The data that follows must be transcribed in full and exactly, minus the pictures.

_Information provided_:
━━━
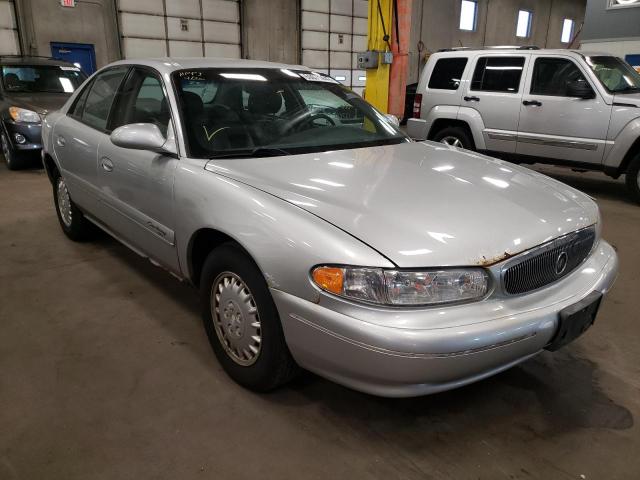 BUICK CENTURY LI 2001 with VIN 2G4WY55J111318843 - Photo from auction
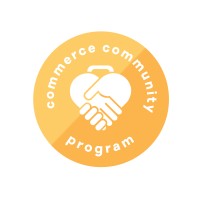 UBC Commerce Community Program logo, UBC Commerce Community Program contact details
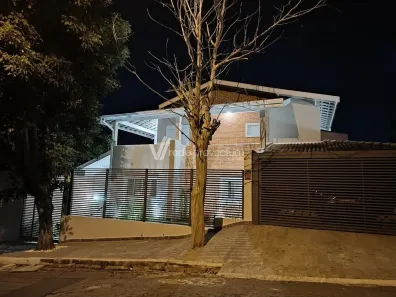Casa de Condomínio com 3 Quartos à venda, 352m² no Caminhos de San Conrado (Sousas), Campinas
━━━
_Answer to this task_:
 BUICK CENTURY LI 2001 with VIN 2G4WY55J111318843 - Photo from auction
 UBC Commerce Community Program logo, UBC Commerce Community Program contact details
Casa de Condomínio com 3 Quartos à venda, 352m² no Caminhos de San Conrado (Sousas), Campinas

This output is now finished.